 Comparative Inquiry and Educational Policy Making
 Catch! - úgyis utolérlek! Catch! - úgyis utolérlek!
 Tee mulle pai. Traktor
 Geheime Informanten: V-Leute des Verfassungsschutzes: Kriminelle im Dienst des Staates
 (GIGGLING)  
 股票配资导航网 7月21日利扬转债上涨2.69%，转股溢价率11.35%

...

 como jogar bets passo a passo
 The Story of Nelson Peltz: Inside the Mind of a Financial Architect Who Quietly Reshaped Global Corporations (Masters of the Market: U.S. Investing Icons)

Your goal:
Copy out only the lines above from the one with "Catch! - úgyis utolérlek! Catch!" to the one with "股票配资导航网 7月21日利扬转债上涨2.69%，转股溢价率11.35%", inclusive, exactly as they stand.

Response:
 Catch! - úgyis utolérlek! Catch! - úgyis utolérlek!
 Tee mulle pai. Traktor
 Geheime Informanten: V-Leute des Verfassungsschutzes: Kriminelle im Dienst des Staates
 (GIGGLING)  
 股票配资导航网 7月21日利扬转债上涨2.69%，转股溢价率11.35%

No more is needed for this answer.